-- GIVEN RECORDS follows --

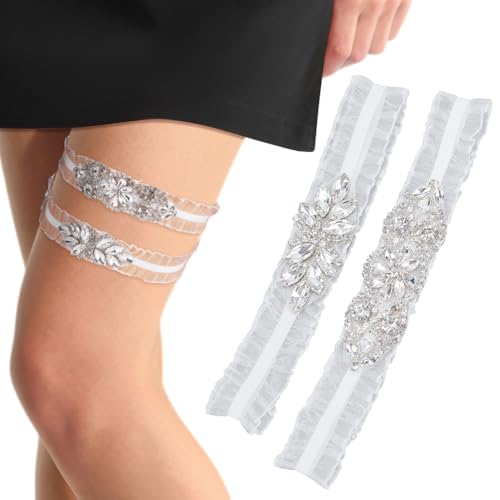 nbeads Ligas elásticas de encaje para boda, para bodas, fiestas, accesorios de ropa, Blanco, 14.5/17cm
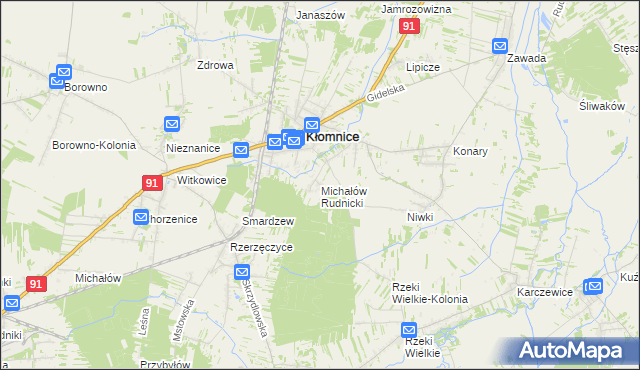 mapa Michałów gmina Kłomnice, Michałów gmina Kłomnice na mapie Targeo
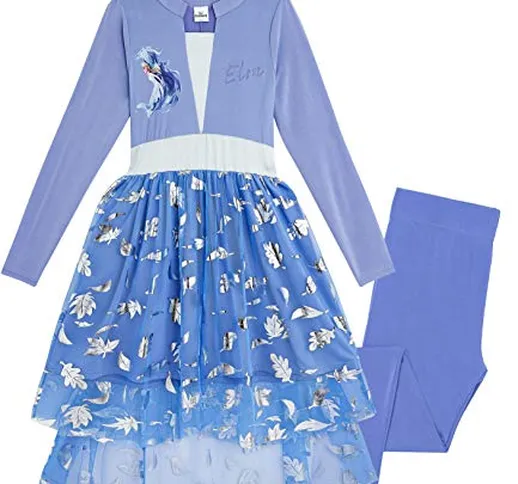 Disney Frozen 2 Vestito Bambina con Elsa Anna, Vestiti Bimba Principessa, Costume con Abit...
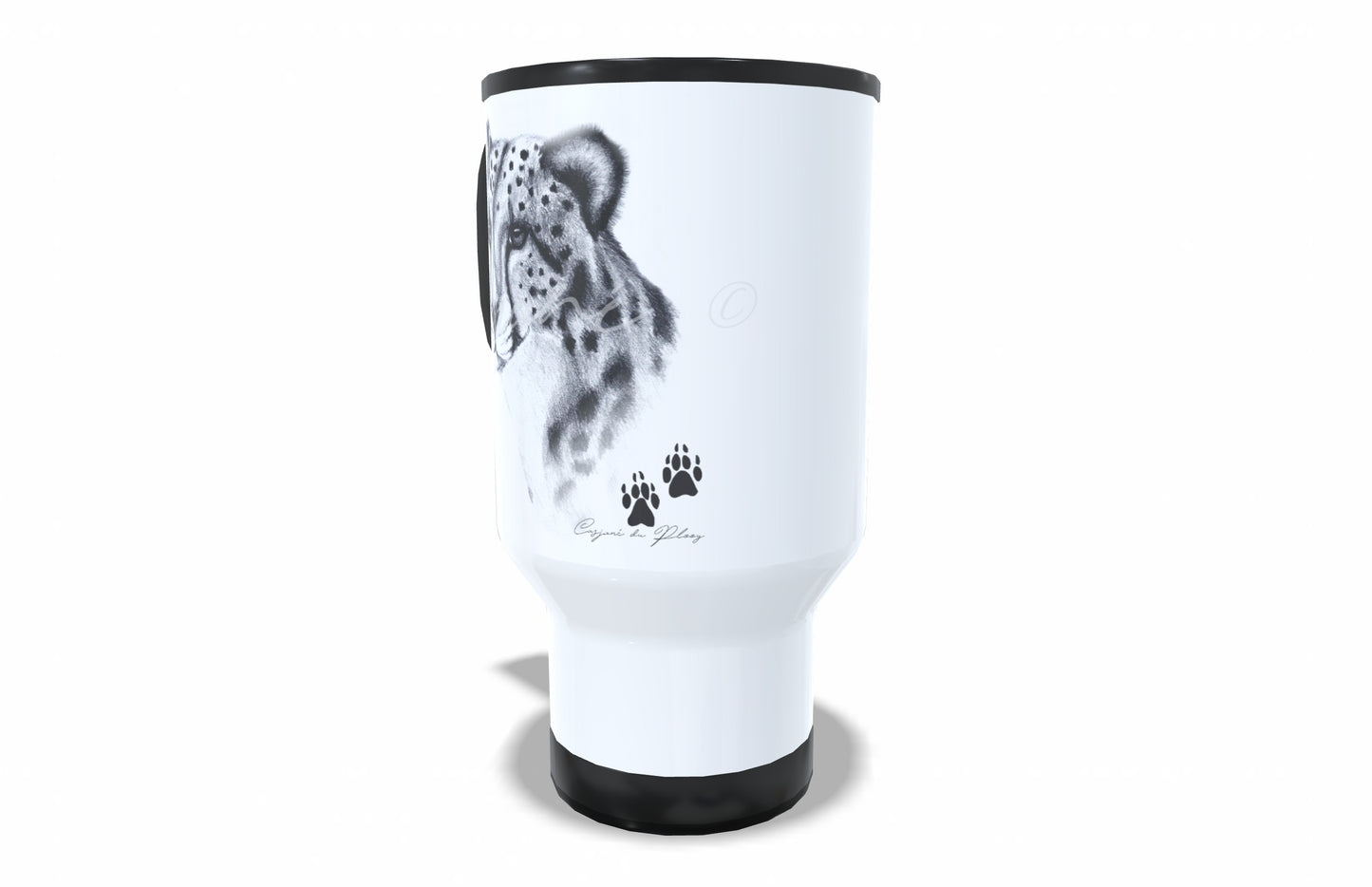 Cheetah Stainless Steel Travel Mug right view - Hand-Drawn by Casjané du Plooy Art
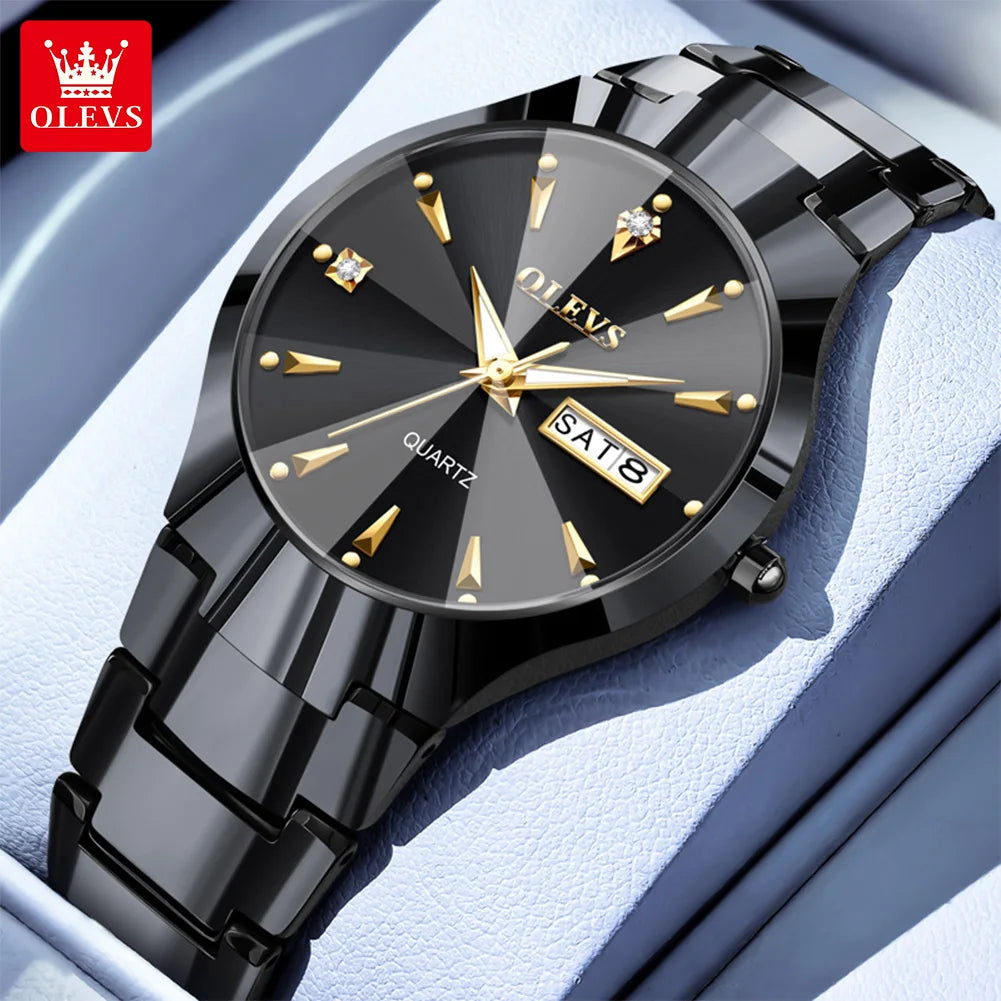 OLEVS 8697 Herrenuhr Top Marke Luxus Dual-Kalender Quarzuhr für Herren Rhombus-Spiegel Wolframstahlarmband Herren-Armbanduhr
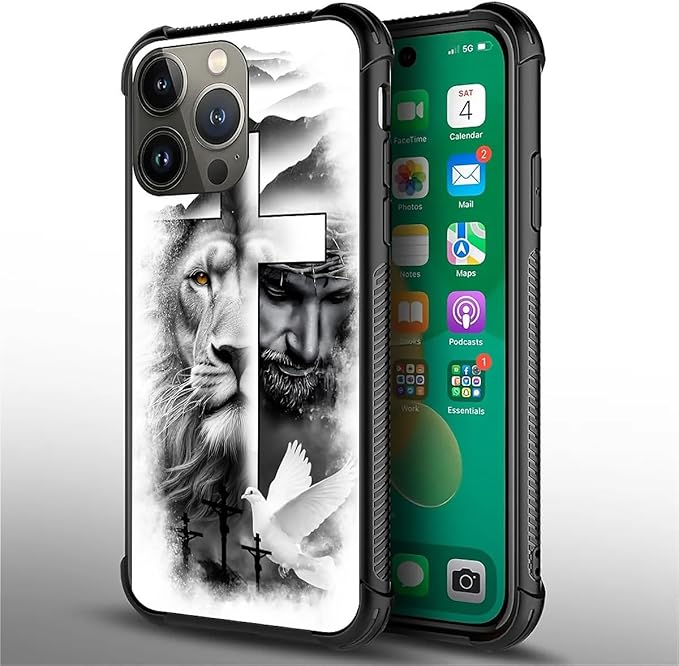 for iPhone 13 Pro Case, Lion Cross Jesus Christ Dove Pattern Graphic Design Girl Boy Soft Silicone Hard Acrylic Shock Protection for iPhone 13 Pro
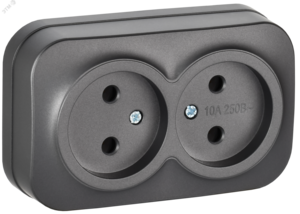 GLORY Розетка 2-местная для открытой установки без заземления без защитных шторок 10А РС22-2-ХСм сталь матовый IEK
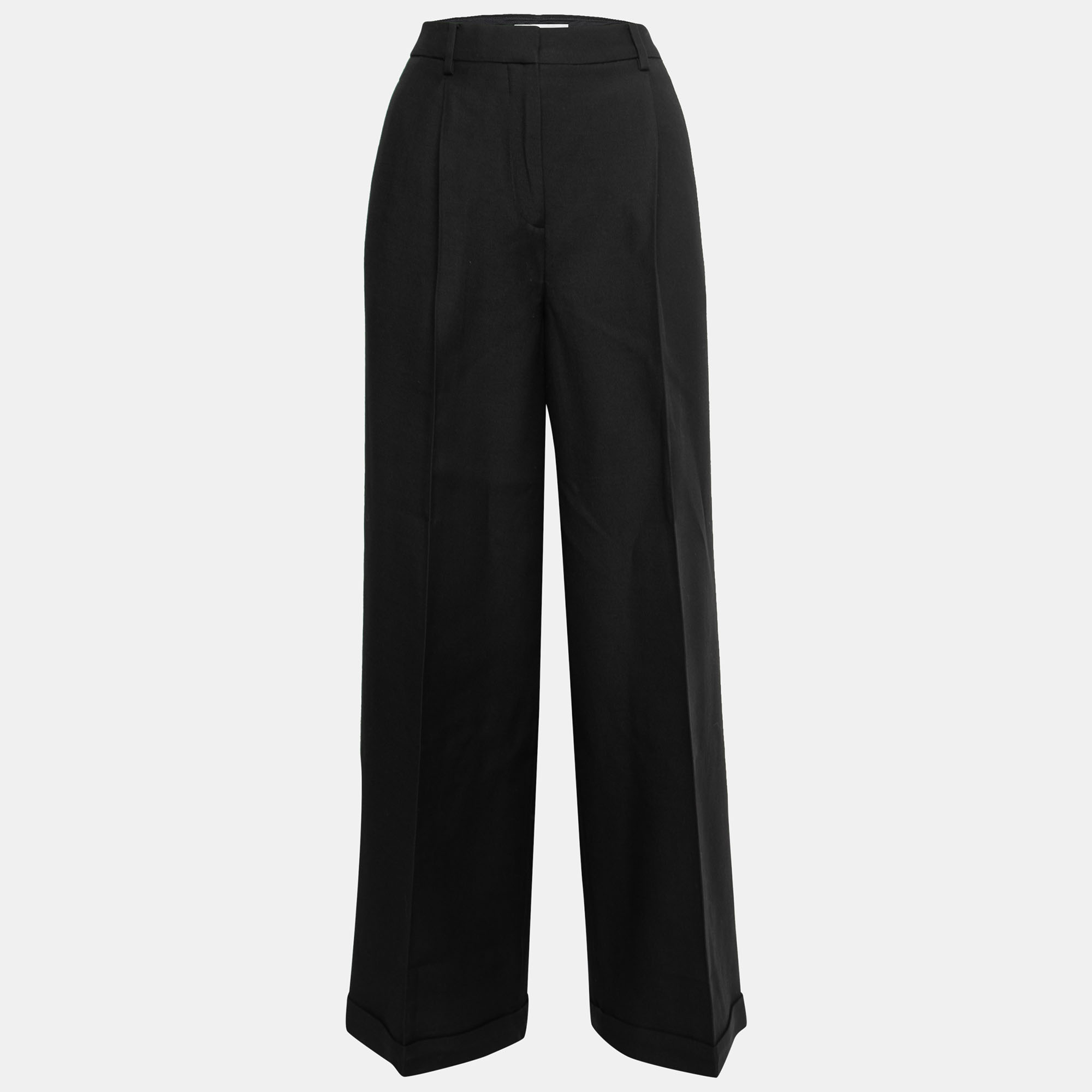 Pre-owned Valentino Black Wool Straight-leg Trousers M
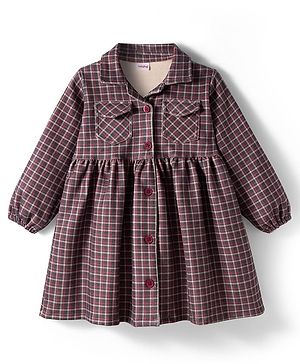 Babyhug Cotton Woven Full Sleeves Front Open Frock With Checks - Multicolour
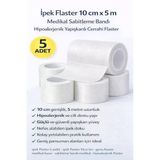 Norino İpek Flaster 10 Cm X 5 M 5 Adet Medikal Sabitleme Bandı Hipoalerjenik Yapışkanlı Cerrahi Flaster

-- GIVEN RECORDS concluded --

## EXERCISE PROMPT
Repeat the data word for word. Images are not part of the copy.

## ANSWER BOX
 nbeads Ligas elásticas de encaje para boda, para bodas, fiestas, accesorios de ropa, Blanco, 14.5/17cm
 mapa Michałów gmina Kłomnice, Michałów gmina Kłomnice na mapie Targeo
 Disney Frozen 2 Vestito Bambina con Elsa Anna, Vestiti Bimba Principessa, Costume con Abit...
 Cheetah Stainless Steel Travel Mug right view - Hand-Drawn by Casjané du Plooy Art
 OLEVS 8697 Herrenuhr Top Marke Luxus Dual-Kalender Quarzuhr für Herren Rhombus-Spiegel Wolframstahlarmband Herren-Armbanduhr
 for iPhone 13 Pro Case, Lion Cross Jesus Christ Dove Pattern Graphic Design Girl Boy Soft Silicone Hard Acrylic Shock Protection for iPhone 13 Pro
 GLORY Розетка 2-местная для открытой установки без заземления без защитных шторок 10А РС22-2-ХСм сталь матовый IEK
 Pre-owned Valentino Black Wool Straight-leg Trousers M
 Babyhug Cotton Woven Full Sleeves Front Open Frock With Checks - Multicolour
 Norino İpek Flaster 10 Cm X 5 M 5 Adet Medikal Sabitleme Bandı Hipoalerjenik Yapışkanlı Cerrahi Flaster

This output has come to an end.